The low buzz of a housefly sounded somewhere in the kitchen. It stopped momentarily, started up again, whizzing about in the darkness behind them.

“It was comin’ up to the end of September, when one afternoon he come through the back door with a rake of potatoes stacked along his arm. They were just like a load of junks for the stove. My dear, they were this big!” She held her hands about eight inches apart. “I never seen the like.”

“‘Them’s some potatoes, Matt,’ I said. He held one out to me, the black dirt still stuck to it but, my dear, it was perfect, neither scab nor blemish.” She paused. “I was some happy for him, Nora, happy he was proud of his work. We set about cooking them up that evenin’ for supper, watchin’ them boil up until they split right out of their jackets. ‘Laughing at us,’ was how he put it.”

Nora watched Peg’s face. The soft lamplight had smoothed away some of the ravages of time and sickness, leaving a faint trace of the younger woman, open, vulnerable, eager.

“I need not have worried.
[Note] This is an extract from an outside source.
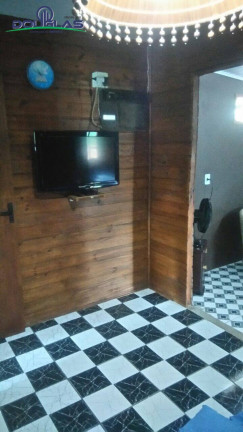 Imagem Casa com 2 Quartos à Venda, 600 m² em Viamão Imagem Casa com 2 Quartos à Venda, 600 m² em Viamão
He brought them in that year hisself, workin’ from early mornin’ to evenin’, layin’ them down in perfect rows against the back wall of the root cellar, and what we didn’t need, he gave away.”

Nora was listening attentively and following every word Peg spoke, but there were other things on her mind and time was running out, so when a lull came in the conversation she asked the one question that had been floating about in her head like a leaf in a murky puddle. “Peg, in all those years did he ever express regret for what he had done to his wife and his child?”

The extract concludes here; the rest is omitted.